Leaving the gym afterward, I happened upon a 10-year-old boy who won one of the prized keepsakes – which he was dribbling on the rough blacktop outdoor court, and shooting baskets with, while perhaps imagining he was Ceballos.

Meanwhile, the real Ceballos’ Sharpie signature was wearing off.

Curious why the boy had not carefully carried the trophy basketball home and put it safely on a bookshelf, I interrupted his playing to ask.

“I’ve never had my own basketball,” he answered matter-of-factly between shots.

That Christmastime, thinking of that boy – and other boys and girls who do not have their own basketball to shoot, soccer ball to kick, football to throw – my Holiday Ball Drive was born.

Once again, I am encouraging you to drop off a new sports ball – or balls – at any local Boys & Girls Club, YMCA, youth club, or church and they will find a worthy young recipient.
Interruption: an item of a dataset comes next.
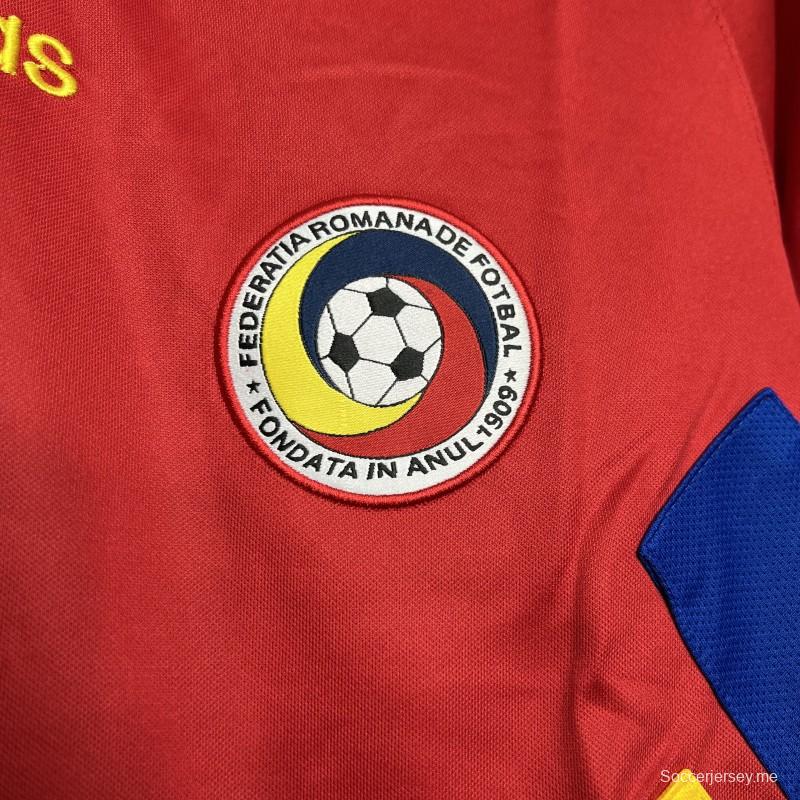 قميص رومانيا 1994 ريترو 1994 خارج ملعب رومانيا الأحمر
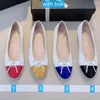 Ballet Flat Dress Shoes Ballerinas Flats Designers Womens Loafer Woman Bowtie Lambskin Calfskin Patent Leather Black White Beige Pink Loafers Comfy Shoe for Women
Or drop balls off (weekdays from 9 a.m. to 5 p.m. through Dec. 20) – or have mailed-shipped to by Amazon.com and the likes – at Jensen Design & Survey at 1672 Donlon St. (near Target on Telephone Road in Ventura) and I will take it from there.

Also, please email me about your gift at woodywriter@gmail.com so I can add your generosity to this year’s tally.

Who is your own Mike Sandoval, the once-in-a-lifetime friend – or special teacher, coach, mentor, role model – you can honor with a “Ballapalooza” donation to a kid in need? Together, Our Gang can spread a lot of holiday cheer.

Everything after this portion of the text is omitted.